Exercise materials Start Marker

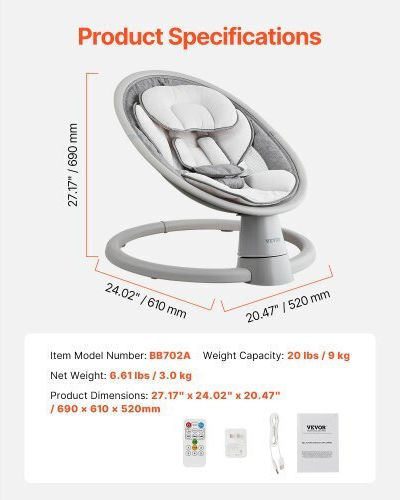 Vevor Elektrisch Baby Relax mit Musik Gray für Kind bis 9kg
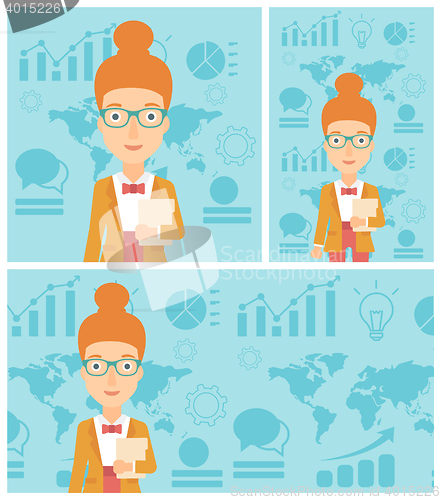 Image of Successful business woman vector illustration.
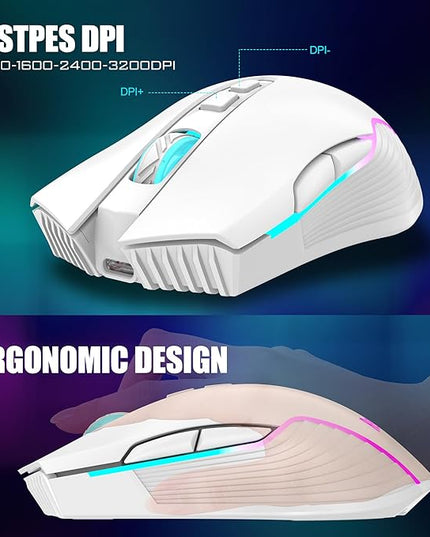 RedThunder K10 Wireless Gaming Keyboard and Mouse Combo, RGB Backlit Rechargeable 3800mAh Battery, Mechanical Feel Anti-ghosting Keyboard + 7D 3200DPI Mice for PC Gamer(White Pudding)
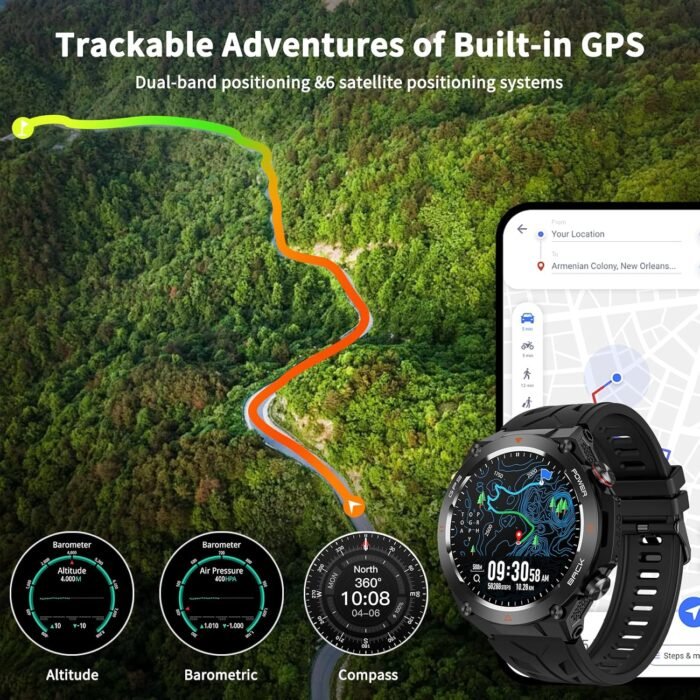Military Smart Watch with GPS, Pressure/Altitude/Compass, Rugged Smartwatch for Men with 650mAh Extra-Large Battery, Answer/Make Call, 100+ Sports Mode, Metal Body Fitness Tracker for Android iOS - Image 3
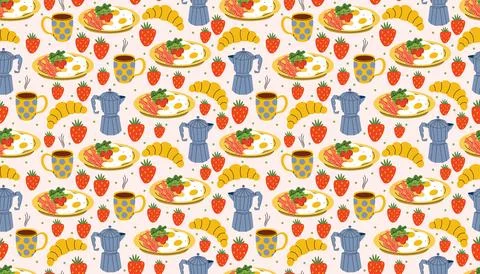 Fun seamless pattern in flat cartoon style featuring plates with eggs and b.. Stock Illustration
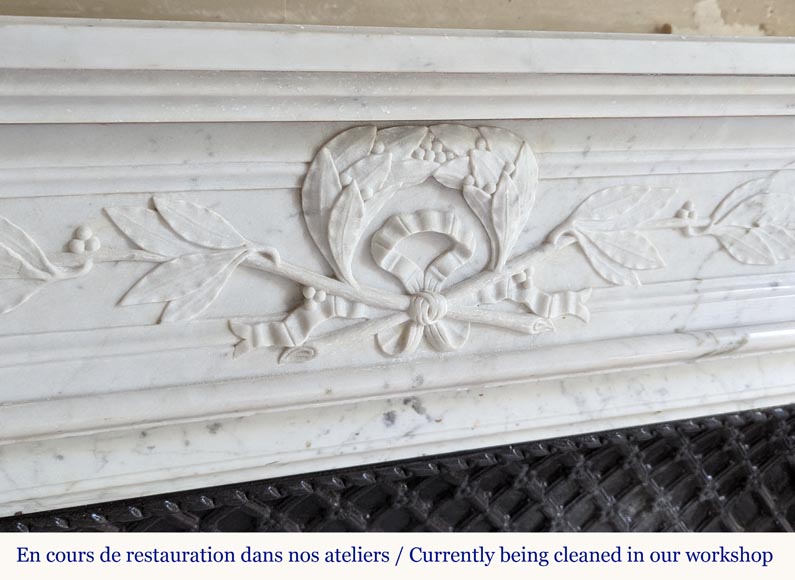 Louis XVI style mantel in Carrara marble adorned with a laurel wreath-2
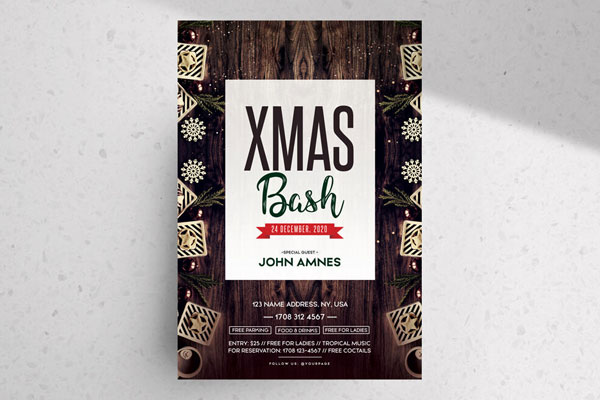 Border Modern X-Mas Bash Flyer Template FREE PSD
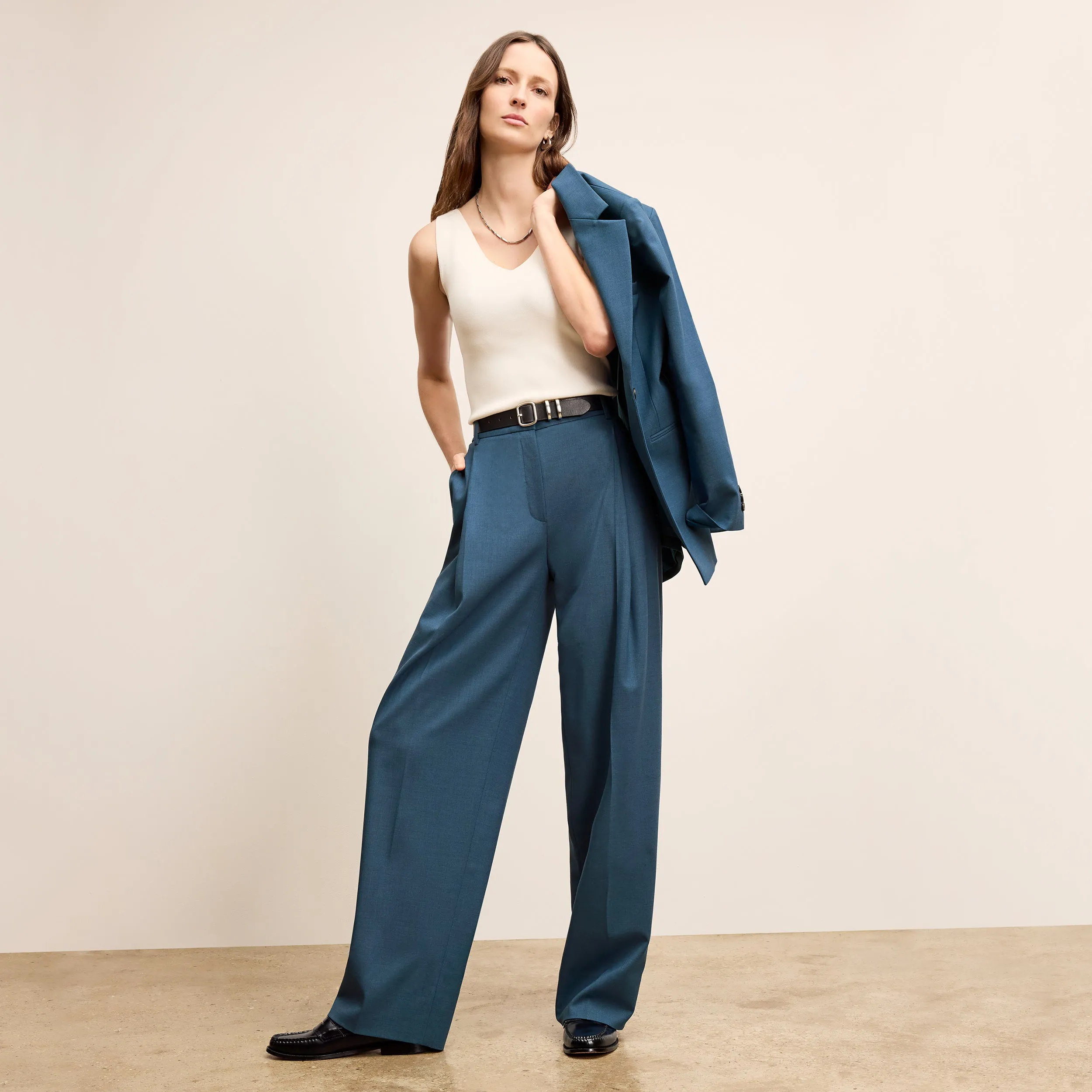 Rossi Executive Blazer - Wool Twill :: Bluebell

Exercise materials End Marker

Now transcribe the lines above exactly, starting at the line containing "Military Smart Watch" and ending at the line containing "Border Modern X-Mas", both lines included, pictures excluded.

**Response area**.
Military Smart Watch with GPS, Pressure/Altitude/Compass, Rugged Smartwatch for Men with 650mAh Extra-Large Battery, Answer/Make Call, 100+ Sports Mode, Metal Body Fitness Tracker for Android iOS - Image 3
 Fun seamless pattern in flat cartoon style featuring plates with eggs and b.. Stock Illustration
 Louis XVI style mantel in Carrara marble adorned with a laurel wreath-2
 Border Modern X-Mas Bash Flyer Template FREE PSD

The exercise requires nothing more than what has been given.